### DATA TO EXAMINE

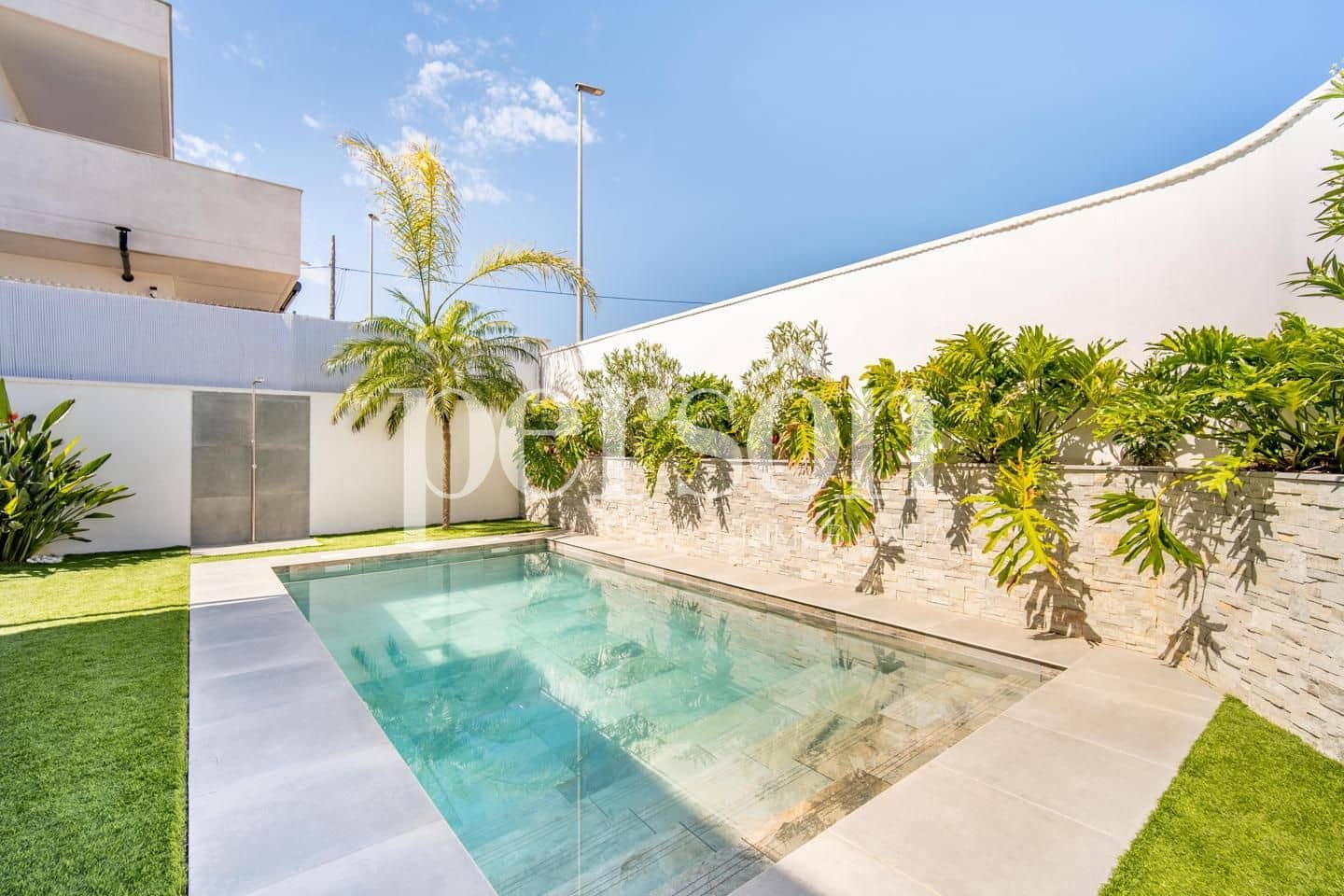 4 bedroom Villa for sale in La Pobla de Vallbona with pool - € 560,000 (Ref: 9838392)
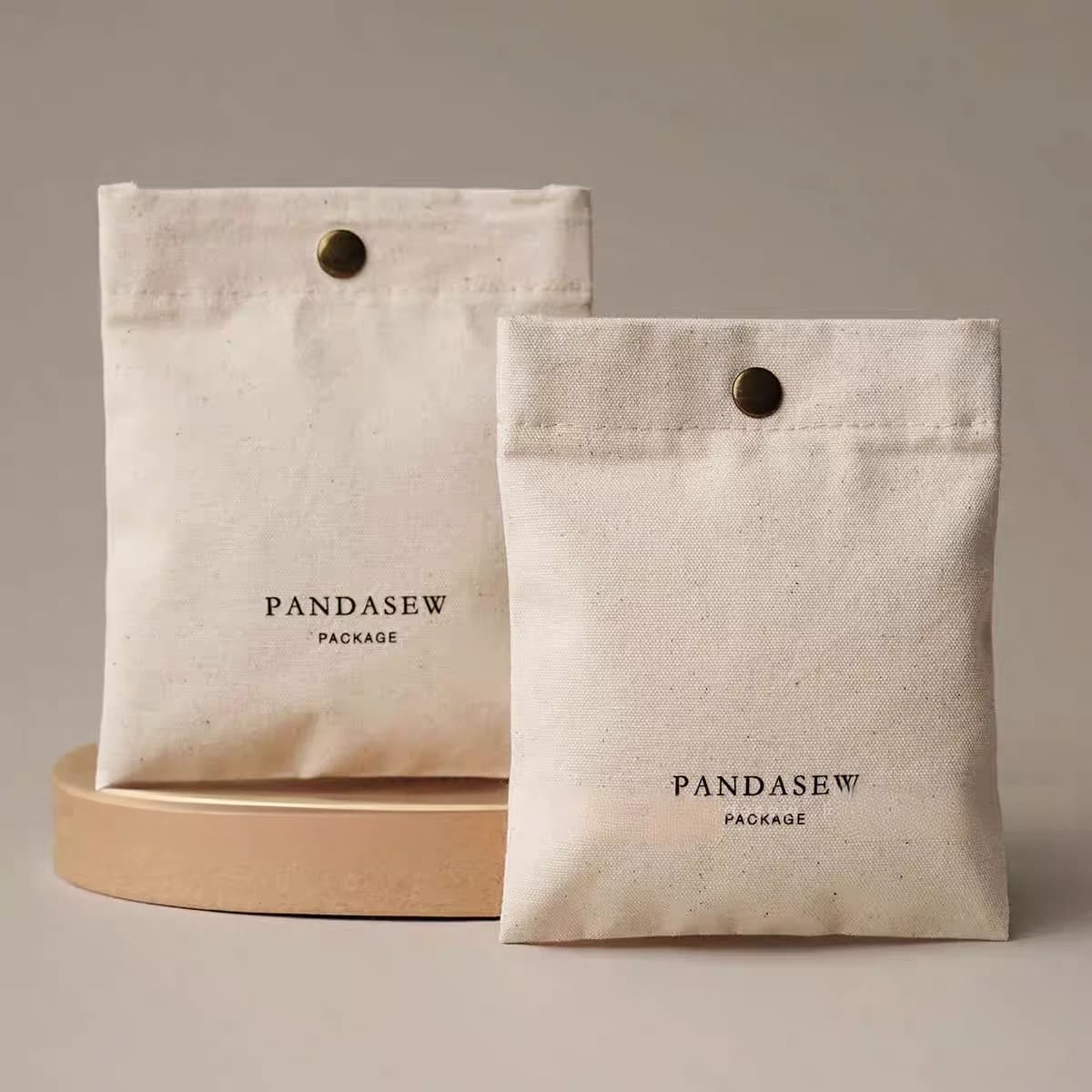 Op maat gemaakte canvas knoopzak van natuurlijk katoen met gepersonaliseerd logo voor parfum, sieraden, kettingen, boeken en kleding.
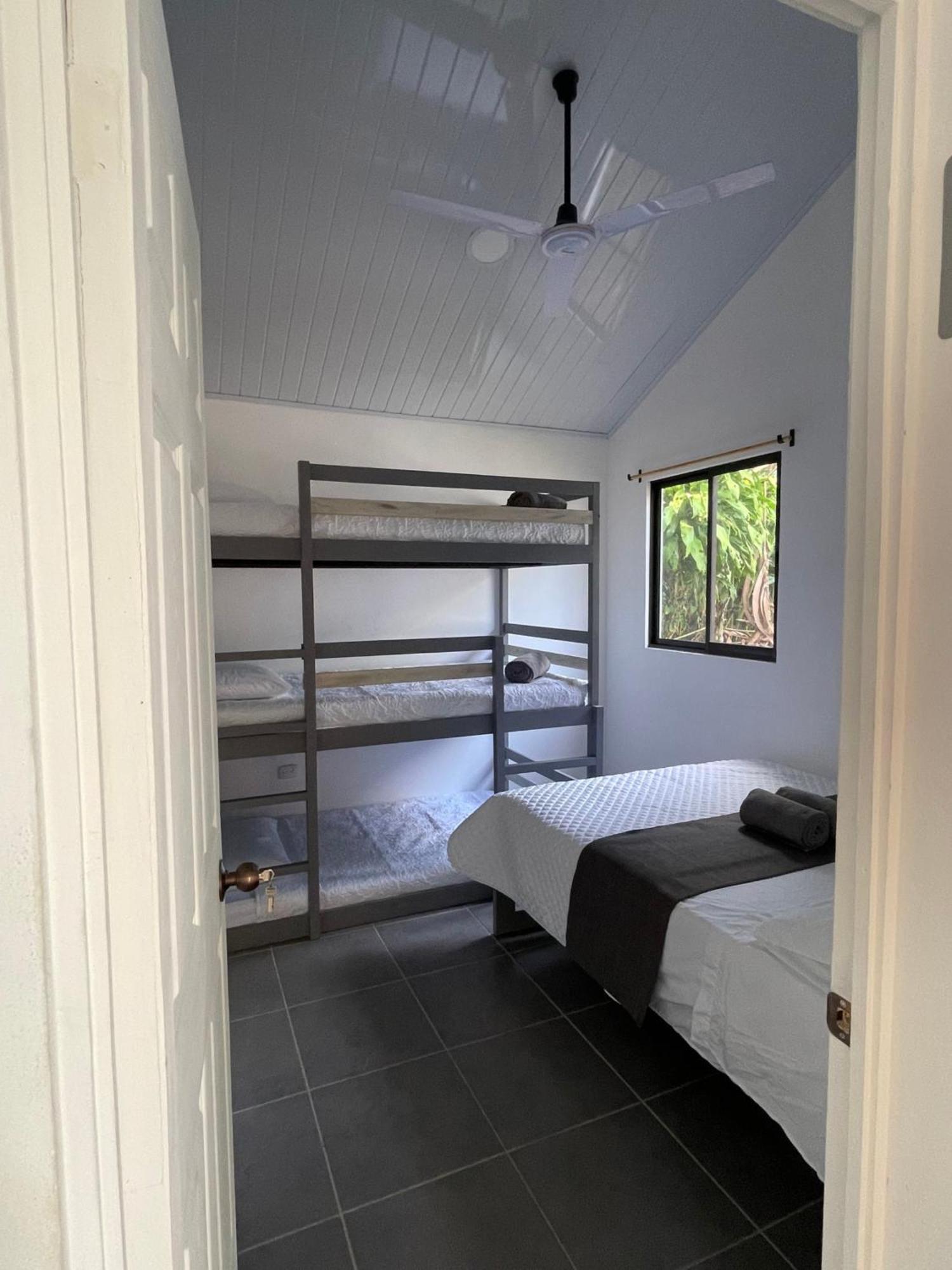 Bungalows Sloth Manzanillo  Ngoại thất bức ảnh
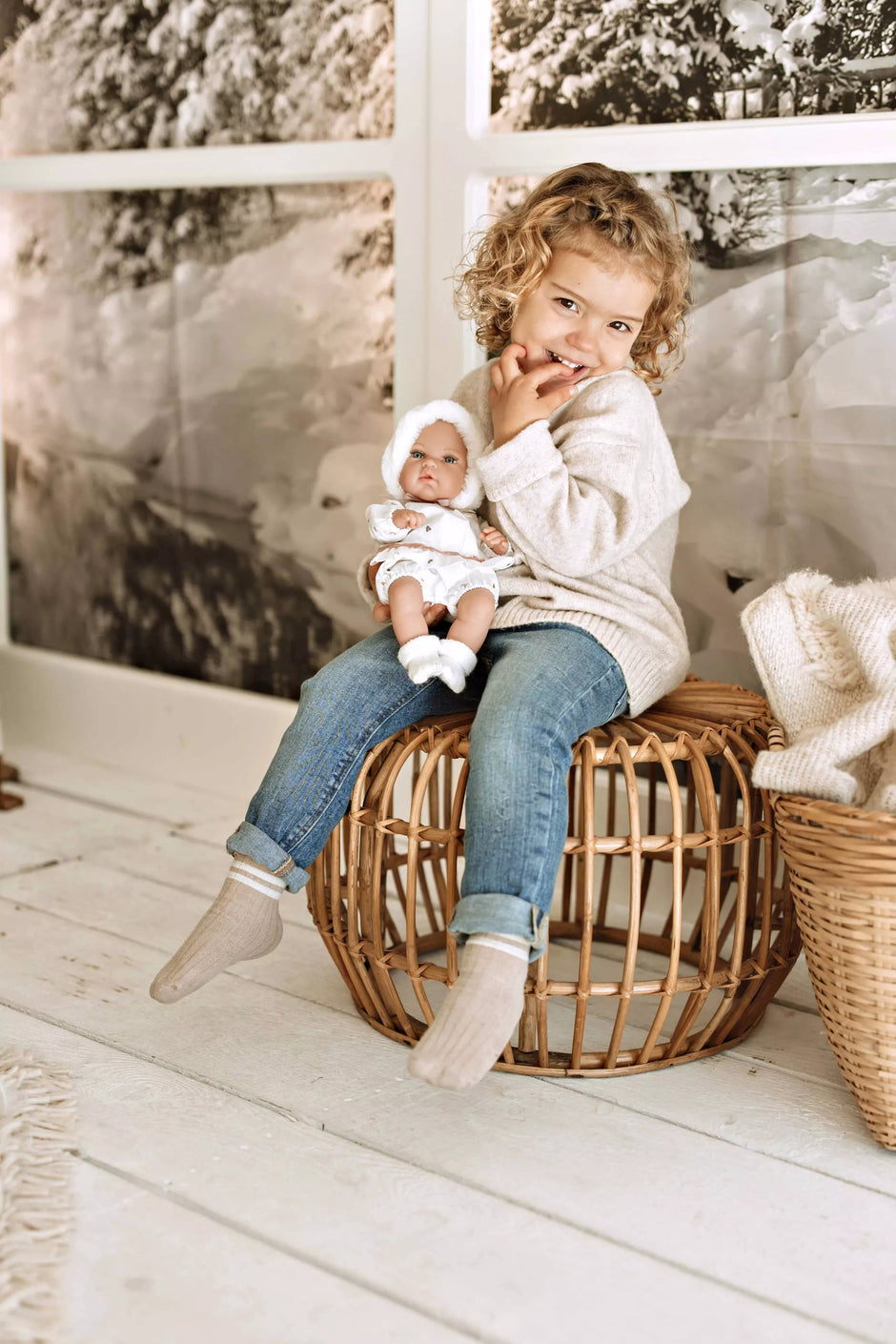 Arias lėlė kūdikėlis su pilka kepuryte, 30 cm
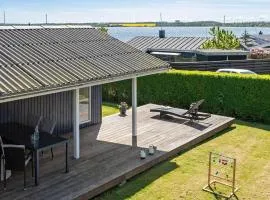 Awesome Home In Juelsminde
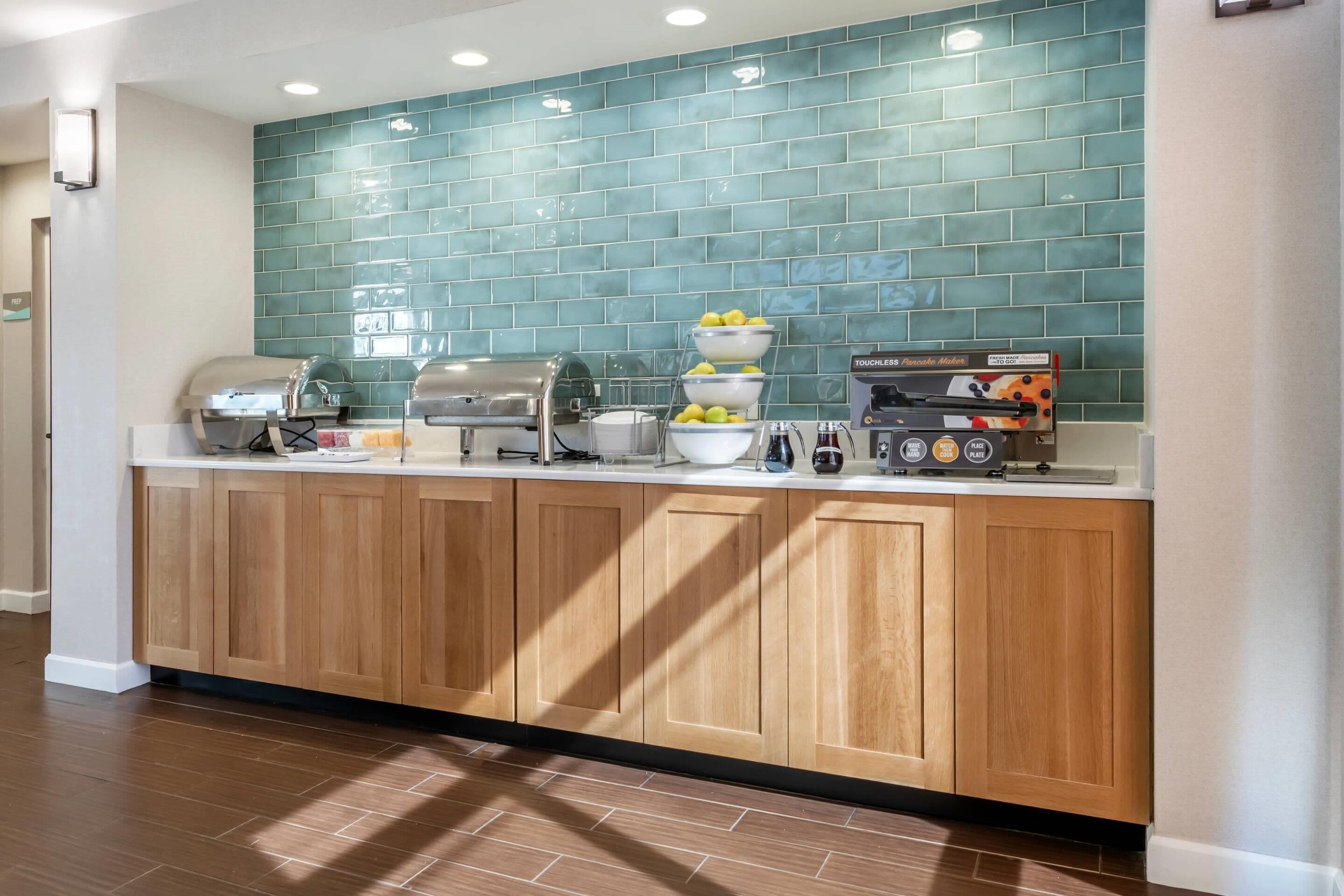 Desayuno bufé gratuito y diario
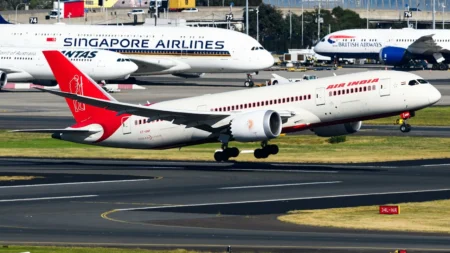 Singapore Airlines CEO Flags Pakistani Airspace Closure as Air India’s Biggest Disadvantage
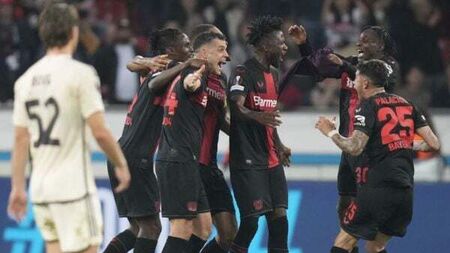 Leverkusen secure late draw to set unbeaten record and reach Europa League final
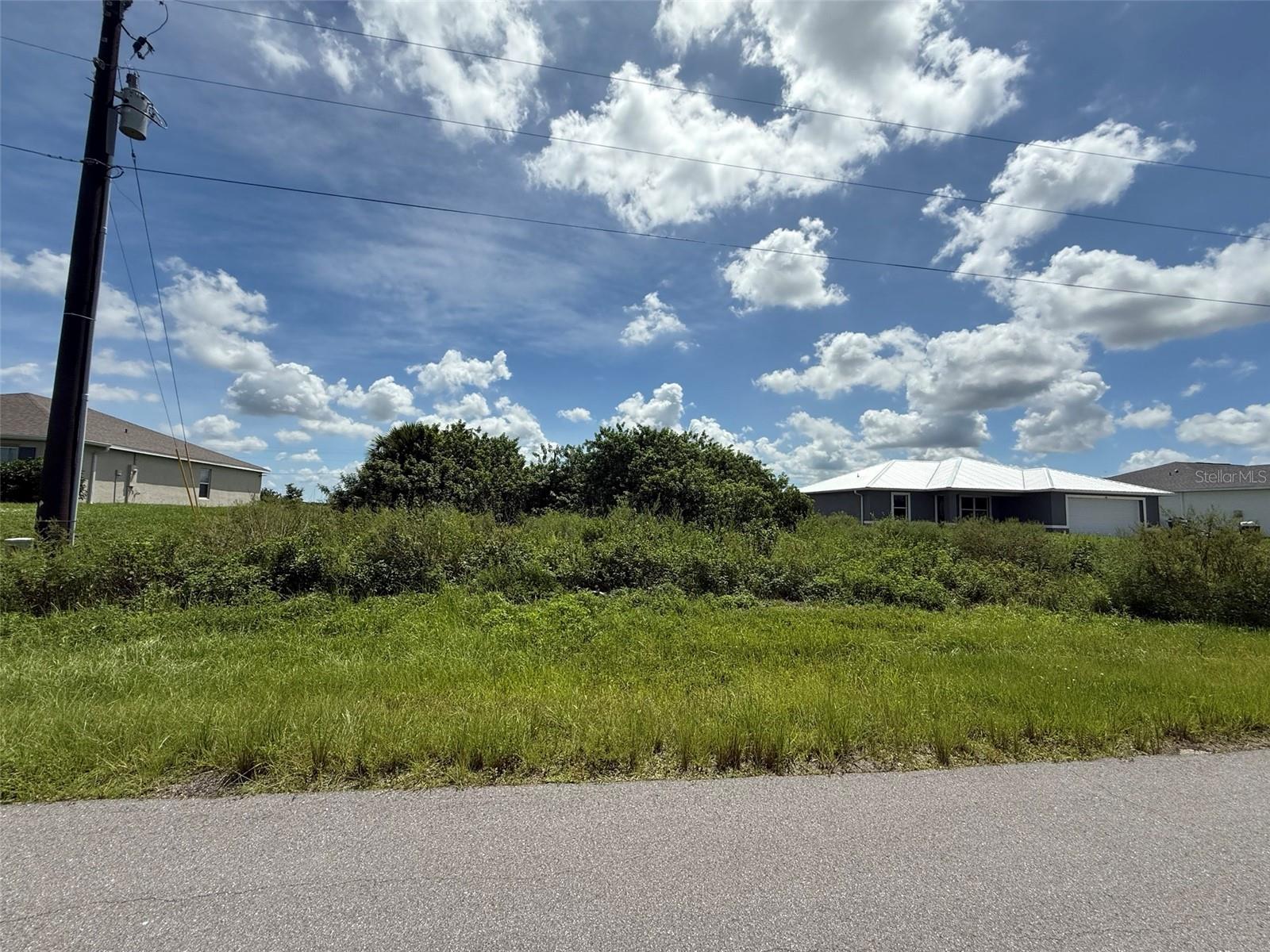 PORT LA BELLE - Land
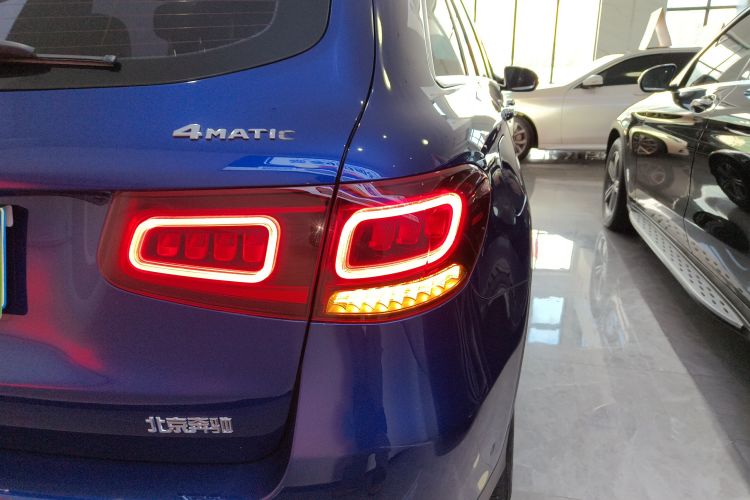 奔驰GLC 2021款 GLC 260 L 4MATIC 动感型车身外观9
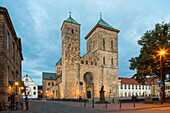 Dom St. Peter, Abendlicht, blaue Stunde, Domplatz, Osnabrueck, Niedersachsen, Norddeutschland, Deutschland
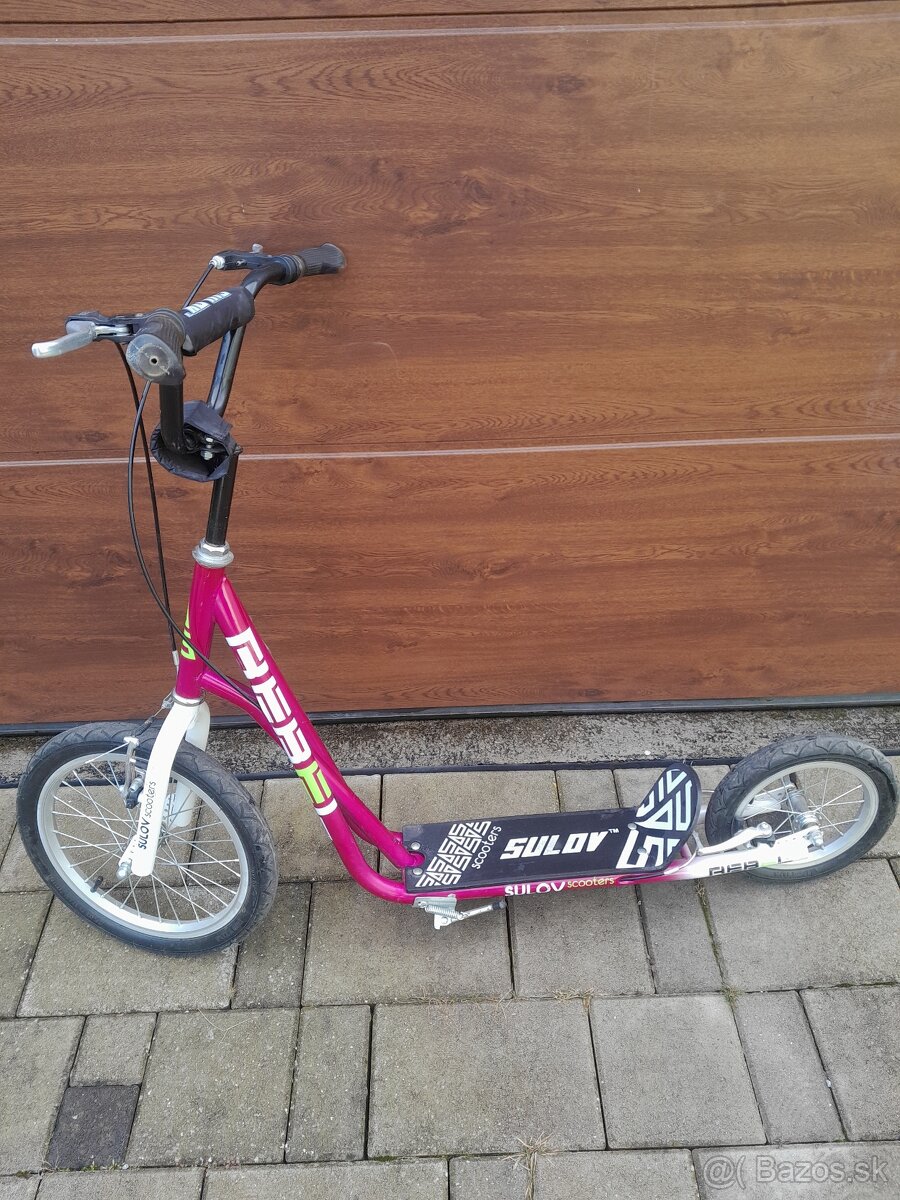 Kolobežka pre dievča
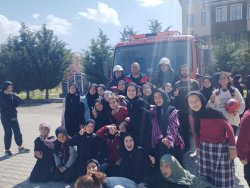 Şuhut Belediyesi İtfaiye Ekiplerimiz Kız Anadolu İmam Hatip Lisesinde Yangın Tatbikatı Gerçekleştirdi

### TASK ITEM
Without including any pictures, print each record exactly.

### EXPECTED OUTPUT
 4 bedroom Villa for sale in La Pobla de Vallbona with pool - € 560,000 (Ref: 9838392)
 Op maat gemaakte canvas knoopzak van natuurlijk katoen met gepersonaliseerd logo voor parfum, sieraden, kettingen, boeken en kleding.
 Bungalows Sloth Manzanillo  Ngoại thất bức ảnh
 Arias lėlė kūdikėlis su pilka kepuryte, 30 cm
 Awesome Home In Juelsminde
 Desayuno bufé gratuito y diario
 Singapore Airlines CEO Flags Pakistani Airspace Closure as Air India’s Biggest Disadvantage
 Leverkusen secure late draw to set unbeaten record and reach Europa League final
 PORT LA BELLE - Land
 奔驰GLC 2021款 GLC 260 L 4MATIC 动感型车身外观9
 Dom St. Peter, Abendlicht, blaue Stunde, Domplatz, Osnabrueck, Niedersachsen, Norddeutschland, Deutschland
 Kolobežka pre dievča
 Şuhut Belediyesi İtfaiye Ekiplerimiz Kız Anadolu İmam Hatip Lisesinde Yangın Tatbikatı Gerçekleştirdi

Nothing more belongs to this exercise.